As a catch-all term, “big data” can be pretty nebulous, in the same way that the term “cloud” covers diverse technologies. Input data to big data systems could be chatter from social networks, web server logs, traffic flow sensors, satellite imagery, broadcast audio streams, banking transactions, MP3s of rock music, the content of web pages, scans of government documents, GPS trails, telemetry from automobiles, financial market data – the list goes on.
To help clarify matters, the three Vs of volume, velocity and variety are commonly used to characterize different aspects of big data. They’re a helpful lens through which to view and understand the nature of the data and the software platforms available to exploit them.
The benefit gained from the ability to process large amounts of information is the main attraction of big data analytics. Having more data beats out having better models: simple bits of math can be unreasonably effective given large amounts of data. If you could run that forecast taking into account 300 factors rather than six, could you predict demand better?
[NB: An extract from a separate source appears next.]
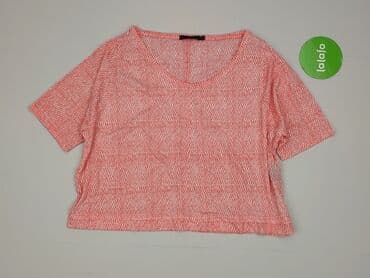 cropp bluzki z krótkim rękawem: H&M, Bluzka damska, rozmiar S — 2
Volume presents the most immediate challenge to conventional IT structures. It calls for scalable storage and a distributed approach to querying. Many organizations already have large amounts of archived data, perhaps in the form of logs, but not the capacity to process it.
The importance of data’s velocity — the increasing rate at which data flows into an organization — has followed a similar pattern to that of volume. Problems previously restricted to segments of industry are now presenting themselves in a much broader setting. Specialized companies, such as capital markets firms, have long turned to systems that cope with fast-moving data in order to gain advantage.
Rarely does data present itself in a form perfectly ordered and ready for processing. A common theme in big data systems is that the source data is diverse, and doesn’t fall into neat relational structures. It could be text from social networks, image data or a raw feed directly from a sensor source. None of these things come ready for integration into an application.